Dr. Paul Staniland, an associate professor at the University of Chicago, posed a question on the credibility of Pakistan to condemn Indian violations of human rights in Jammu and Kashmir given that its own human rights record faces heavy criticism from various human rights watchdog organizations. Dr. Yusuf argued that the violations in Jammu and Kashmir merit the scrutiny of the international community because it is a violation of international human rights law. The plight of human rights in countries outside of Kashmir are wholly divergent from those that may exist inside Pakistan. Nonetheless, he conceded that Pakistan must strengthen its public diplomacy.

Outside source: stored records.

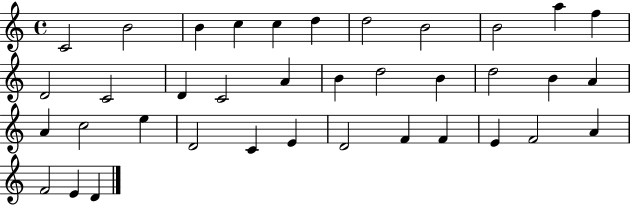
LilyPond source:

{
  \clef treble
  \time 4/4
  \defaultTimeSignature
  \key c \major
  c'2 b'2 | b'4 c''4 c''4 d''4 | d''2 b'2 | b'2 a''4 f''4 | \break d'2 c'2 | d'4 c'2 a'4 | b'4 d''2 b'4 | d''2 b'4 a'4 | \break a'4 c''2 e''4 | d'2 c'4 e'4 | d'2 f'4 f'4 | e'4 f'2 a'4 | \break f'2 e'4 d'4 | \bar "|."
}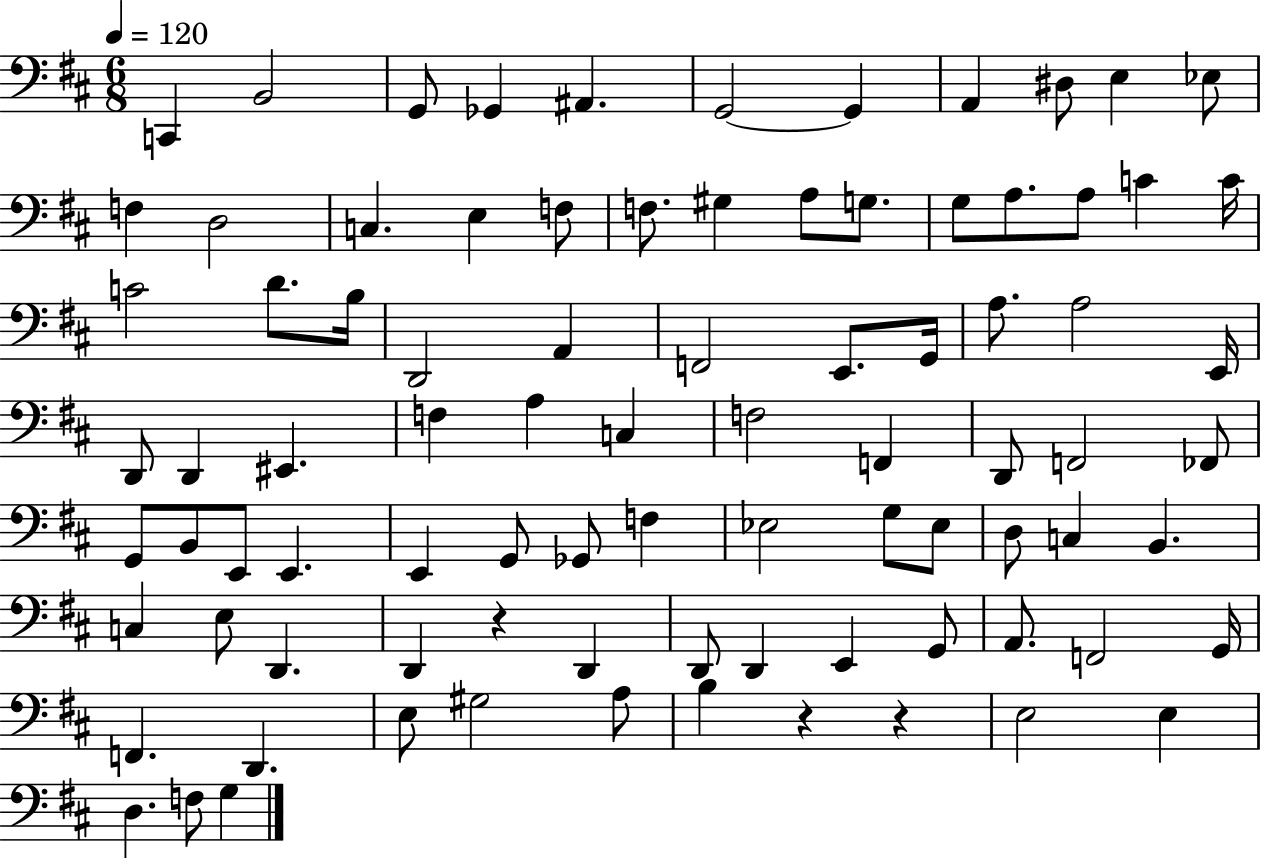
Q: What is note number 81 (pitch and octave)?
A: E3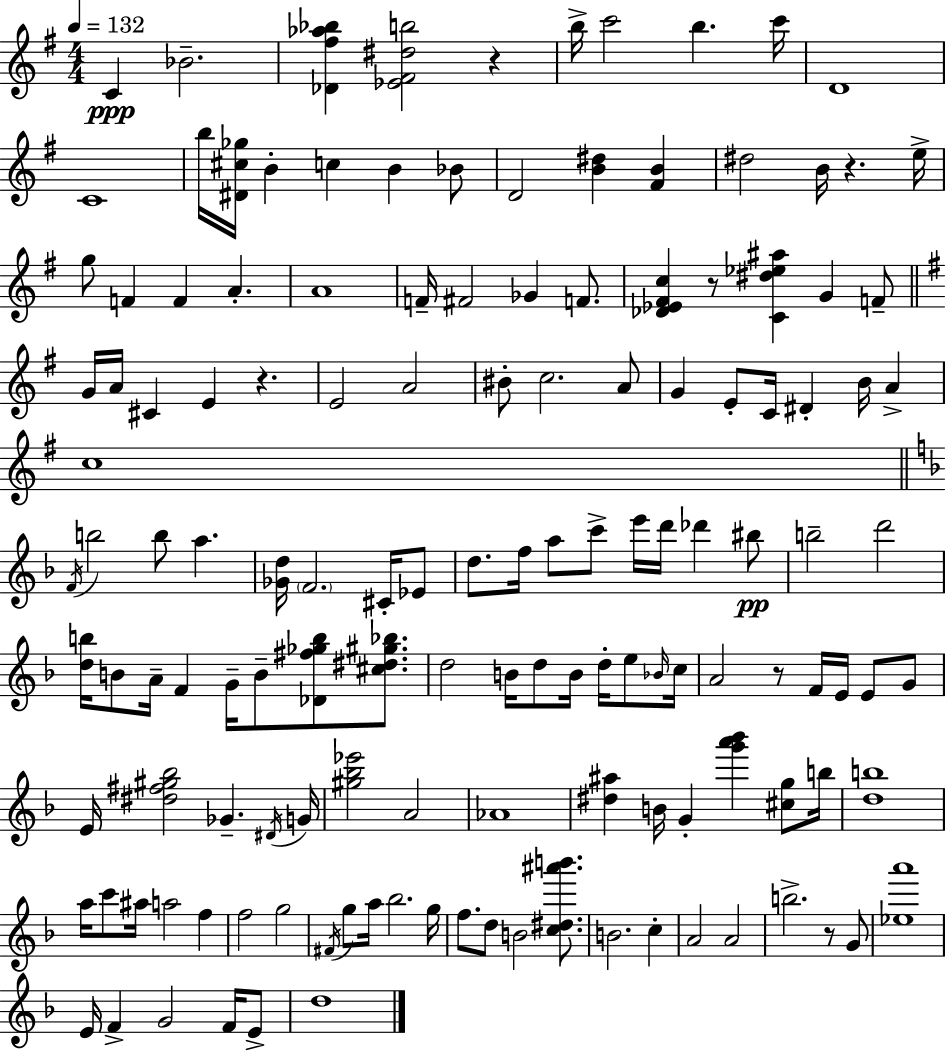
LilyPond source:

{
  \clef treble
  \numericTimeSignature
  \time 4/4
  \key e \minor
  \tempo 4 = 132
  c'4\ppp bes'2.-- | <des' fis'' aes'' bes''>4 <ees' fis' dis'' b''>2 r4 | b''16-> c'''2 b''4. c'''16 | d'1 | \break c'1 | b''16 <dis' cis'' ges''>16 b'4-. c''4 b'4 bes'8 | d'2 <b' dis''>4 <fis' b'>4 | dis''2 b'16 r4. e''16-> | \break g''8 f'4 f'4 a'4.-. | a'1 | f'16-- fis'2 ges'4 f'8. | <des' ees' fis' c''>4 r8 <c' dis'' ees'' ais''>4 g'4 f'8-- | \break \bar "||" \break \key e \minor g'16 a'16 cis'4 e'4 r4. | e'2 a'2 | bis'8-. c''2. a'8 | g'4 e'8-. c'16 dis'4-. b'16 a'4-> | \break c''1 | \bar "||" \break \key f \major \acciaccatura { f'16 } b''2 b''8 a''4. | <ges' d''>16 \parenthesize f'2. cis'16-. ees'8 | d''8. f''16 a''8 c'''8-> e'''16 d'''16 des'''4 bis''8\pp | b''2-- d'''2 | \break <d'' b''>16 b'8 a'16-- f'4 g'16-- b'8-- <des' fis'' ges'' b''>8 <cis'' dis'' gis'' bes''>8. | d''2 b'16 d''8 b'16 d''16-. e''8 | \grace { bes'16 } c''16 a'2 r8 f'16 e'16 e'8 | g'8 e'16 <dis'' fis'' gis'' bes''>2 ges'4.-- | \break \acciaccatura { dis'16 } g'16 <gis'' bes'' ees'''>2 a'2 | aes'1 | <dis'' ais''>4 b'16 g'4-. <g''' a''' bes'''>4 | <cis'' g''>8 b''16 <d'' b''>1 | \break a''16 c'''8 ais''16 a''2 f''4 | f''2 g''2 | \acciaccatura { fis'16 } g''8 a''16 bes''2. | g''16 f''8. d''8 b'2 | \break <c'' dis'' ais''' b'''>8. b'2. | c''4-. a'2 a'2 | b''2.-> | r8 g'8 <ees'' a'''>1 | \break e'16 f'4-> g'2 | f'16 e'8-> d''1 | \bar "|."
}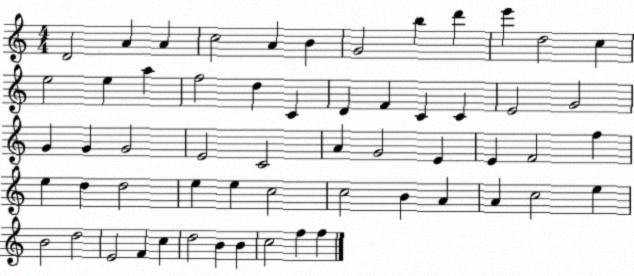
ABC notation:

X:1
T:Untitled
M:4/4
L:1/4
K:C
D2 A A c2 A B G2 b d' e' d2 c e2 e a f2 d C D F C C E2 G2 G G G2 E2 C2 A G2 E E F2 f e d d2 e e c2 c2 B A A c2 e B2 d2 E2 F c d2 B B c2 f f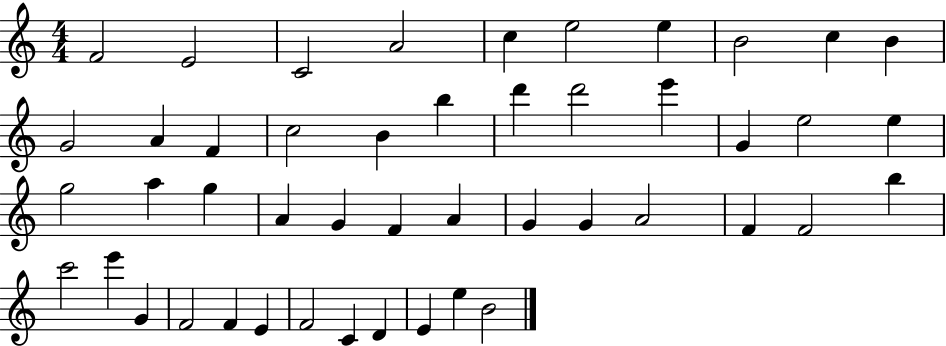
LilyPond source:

{
  \clef treble
  \numericTimeSignature
  \time 4/4
  \key c \major
  f'2 e'2 | c'2 a'2 | c''4 e''2 e''4 | b'2 c''4 b'4 | \break g'2 a'4 f'4 | c''2 b'4 b''4 | d'''4 d'''2 e'''4 | g'4 e''2 e''4 | \break g''2 a''4 g''4 | a'4 g'4 f'4 a'4 | g'4 g'4 a'2 | f'4 f'2 b''4 | \break c'''2 e'''4 g'4 | f'2 f'4 e'4 | f'2 c'4 d'4 | e'4 e''4 b'2 | \break \bar "|."
}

Dr. Chris Clary, an assistant professor at the University of Albany, posits Pakistan’s current economic model as unsustainable and troublesome in response to the contemporary challenges it faces with the COVID-19 related recession. Dr. Yusuf explained that the budget does not accurately reflect Pakistan’s fiscal expenditures due to the unheralded repercussions of COVID-19. He continued, arguing that it is reckless to advise Prime Minister Imran Khan to ignore the threat it faces on its Eastern border with India and to not allocate the necessary resources towards its defense sector. Dr. Yusuf believes that, if the international community (namely the United States) helps secure Pakistan’s borders – specifically in regards to an emerging threat from India – then it would be able to dispense the appropriate resources to maintain its domestic infrastructure. 

Safiya Ghori-Ahmad, nonresident senior fellow for the South Asia Center, raised questions on Pakistan’s struggle to meet FATF requirements and Pakistan’s recent data protection bill that harms international companies seeking to do business in Pakistan. Dr. Yusuf asserted that US investors should be interested in Pakistan due to the high profitability of existing multinational companies supported by a market brimming with potential. While avowing that some of the data security developments may harm foreign investors, Dr. Yusuf proposed that if given the capacity to focus on domestic affairs, the outlook for foreign investment would improve. 

Fatima Salman, associate director of the South Asia Center, closed out the webinar. She thanked Dr. Yusuf, Dr. Khan, and all attendees for their insights and expertise. The moderated Q&A with Dr. Moeed Yusuf provided insights on Pakistan’s national security outlook and strategy as it is faced with increasing complex geopolitical dynamics. The event drove home the importance of addressing Pakistan’s domestic, regional, and international challenges as it battles COVID-19 at home and foreign policy difficulties abroad.

The South Asia Center serves as the Atlantic Council’s focal point for work on greater South Asia as well as its relations between these countries, the neighboring regions, Europe, and the United States.